Yeah, stuff gets cached but I think that code path would certainly be measurable.

Also, the file should have been included with require_once as mentioned in: https://www.drupal.org/node/2166715#comment-9388385 That's the recommended way when it's your own file outside of a function call.

dman’s picture

Interesting, and good, blog post. Thanks!

So although this particular typo was sorted out (in -dev) January last year, it seems there were a few weeks in November last year when some folk who upgraded to the latest code could have found the file_scan_directory running greedier than usual. It wasn't until the end of November last year for the imagecache_actions stable release to be rolled for public use, at which point I guess the problem would be marked 'fixed'.

I was imagining the 'could not load the named file' issue would be only as expensive as the usual PHP include() failure. Which is inefficient as it bubbles through the error stack, but hardly a performance killer in itself.
If, as the blog implies, the 7.33 change produced measurable performance changes, then that would have been annoying - back in November. Dang.
Any numbers on that?

jeroen.b’s picture

I don't have any numbers on that, sorry. Some of our sites became unreachable/very slow after the upgrade.
The actual impact depends on the amount of modules/directories/files.

dman’s picture

This sounds like it's worth looking into - just for curiosity. I've got some profiling set up today on a real-world, good-sized site (about 100 contribs). Local dev only, so numbers are for comparison only, and caching introduces a bit of variety. (doing it by hand, so I didn't do multiple runs to get an average, as I'd normally expect to do)

Drupal 7.34, standard primed caching,

no imagecache_actions, 2.710s .
244 calls to module_load_include() (55ms, 2% runtime) 12 calls to file_scan_directory()

imagecache_actions-7.x-1.4 with imagecache_canvasactions on. 3.764s.
251 calls to module_load_include() (885ms 25%), 982 calls to file_scan_directory()
- yes, that is really measurable!
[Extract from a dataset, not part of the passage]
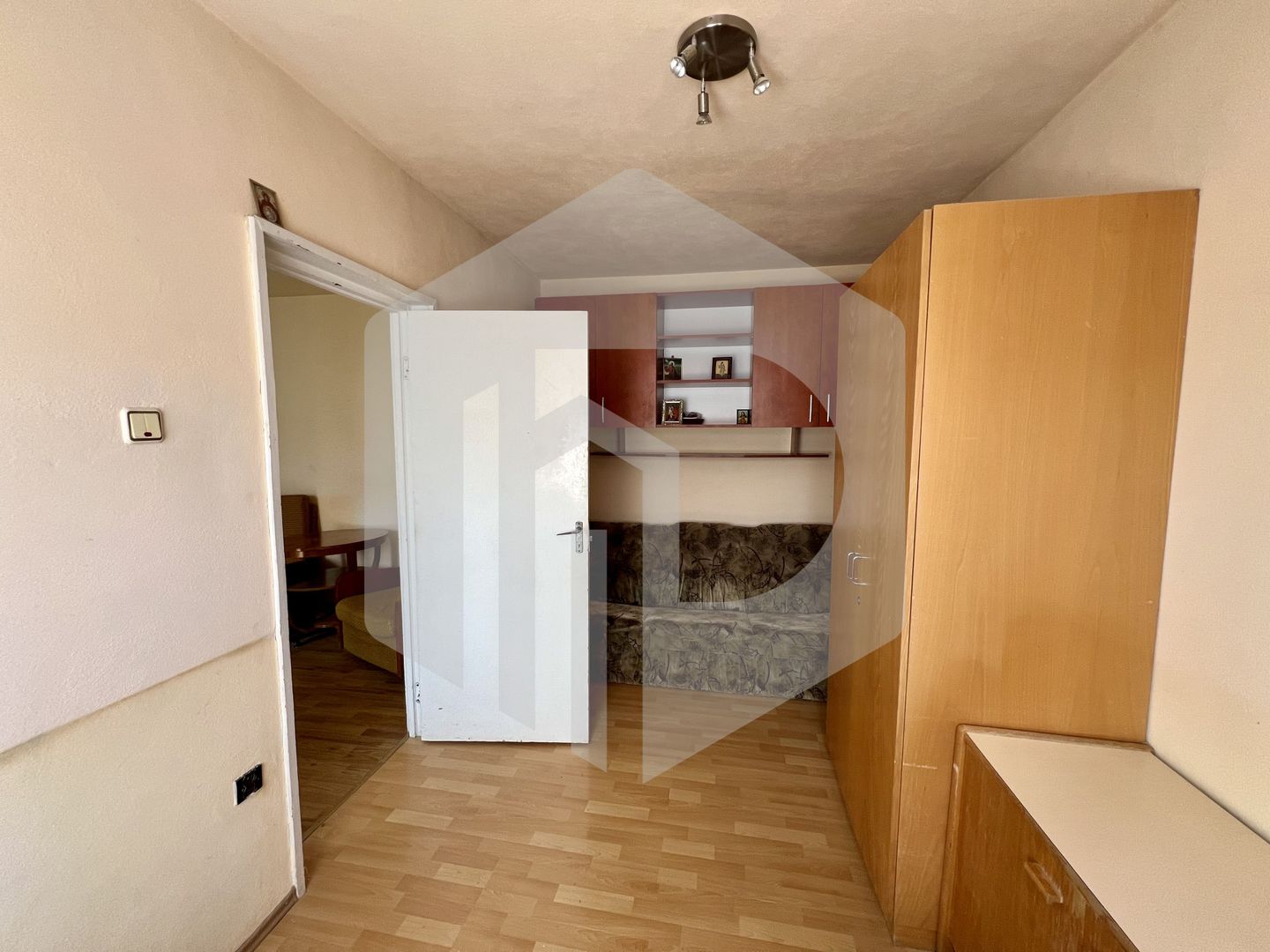 Apartament 2 camere+balcon- Aleea Steaza-Etaj 3- negociabil - Poză 4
Sheesh!

imagecache_actions-7.x-1.5 with imagecache_canvasactions on. 2.732s.
250 calls to module_load_include(), 12 calls to file_scan_directory()
- back to normal.

So yeah, it sure looks like sites that were updated in early November, but not since a couple of weeks later, would have seen some pain there.
This is not just a PHP local file load failure performance "blip", that 7.33 update really does have a nasty effect.

fietserwin’s picture

WTF? This problem was reported on January 3, 2014 at 7:47pm and fixed and committed (to the dev version) 47 minutes later. Apparently, after the release of D7.33 the problem (by then already solved for a good 10 months) became much worse in terms of performance degradation. This aggravation was reported on November 27, 2014, so 2 days later we released a new stable version 7.x-1.5. I would call that (extremely) good community behavior form our side. And now, 2.5 months after that stable release we still have people that come whining here???

BTW: we are indeed not going to report on the project page on errors that are solved in the current stable release. We carefully keep our changelog text file up to date and our commit messages always contain an issue number and a short description.

Stolzenhain’s picture

@dman, @fietserwin:
Sorry – I didn't mean to stir up so much trouble – I was under the impression the actual fix wouldn't be in the last stable release, as I had already updated every module via drush.

The first time we encountered slower loading times in November we couldn't correlate it to the update and re-rolled a backup. Afterwards, I encountered the problem on another site I thought we had fully updated.

So sorry again for misunderstanding the state of this fix – and thanks for your good work on this module!